Lo hemos visto de forma dramática en Gaza,
donde pese a la reciente escenificación de un "alto al fuego"
promovido por Trump, los asesinatos y la ocupación continúan, mientras la
impunidad sigue garantizada.
Y lo vemos también en el caso del Sáhara
Occidental: el pasado 31 de octubre, el Consejo de Seguridad aprobó la
resolución 2797, impulsada por EE.UU., que respalda la propuesta marroquí de
autonomía como la "solución más viable", rompiendo con la lógica
establecida desde los procesos de descolonización que considera al Sáhara
Occidental como territorio no autónomo, aún pendiente de descolonizar. Apagando
con ello el foco del derecho de autodeterminación saharaui.
En
un momento en que el orden multipolar avanza con más firmeza que nunca, tampoco
sorprende que el imperialismo redoble su violencia.
Lo
que sí asombra es el grado de desesperación con el que lo hace: amenazas
torpes, despliegues fallidos, y declaraciones cada vez más teatrales que a
menudo parecen escritas por un bufón antes que por un estratega.

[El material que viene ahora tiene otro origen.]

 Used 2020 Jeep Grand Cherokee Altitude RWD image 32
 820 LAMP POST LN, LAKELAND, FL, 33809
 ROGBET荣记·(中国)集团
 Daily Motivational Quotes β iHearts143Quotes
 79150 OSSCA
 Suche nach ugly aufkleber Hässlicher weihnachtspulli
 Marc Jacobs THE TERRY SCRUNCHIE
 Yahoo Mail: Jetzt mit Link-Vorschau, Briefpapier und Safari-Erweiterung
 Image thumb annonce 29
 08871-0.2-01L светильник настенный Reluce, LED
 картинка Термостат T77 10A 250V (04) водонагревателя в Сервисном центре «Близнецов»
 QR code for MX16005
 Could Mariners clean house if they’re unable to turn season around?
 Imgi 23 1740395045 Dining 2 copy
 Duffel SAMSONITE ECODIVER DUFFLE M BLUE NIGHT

Pero no por
grotesco es menos peligroso.
En
ese ruido de fondo, se nos quiere hacer olvidar la estructura que permanece: un
sistema que necesita someter territorios, recursos y pueblos para sobrevivir.
Por
eso, hoy más que nunca, es vital desnaturalizar el supuesto "derecho de
intervención" de EE.UU. —sea quien sea la víctima y sean cuales sean los
métodos—, a la vez que debemos desmontar las narrativas supremacistas que lo
justifican y, sobre todo, fortalecer la solidaridad internacional. El
despliegue por los recursos es solo una parte de algo más profundo: la batalla
es por el futuro mismo de la humanidad.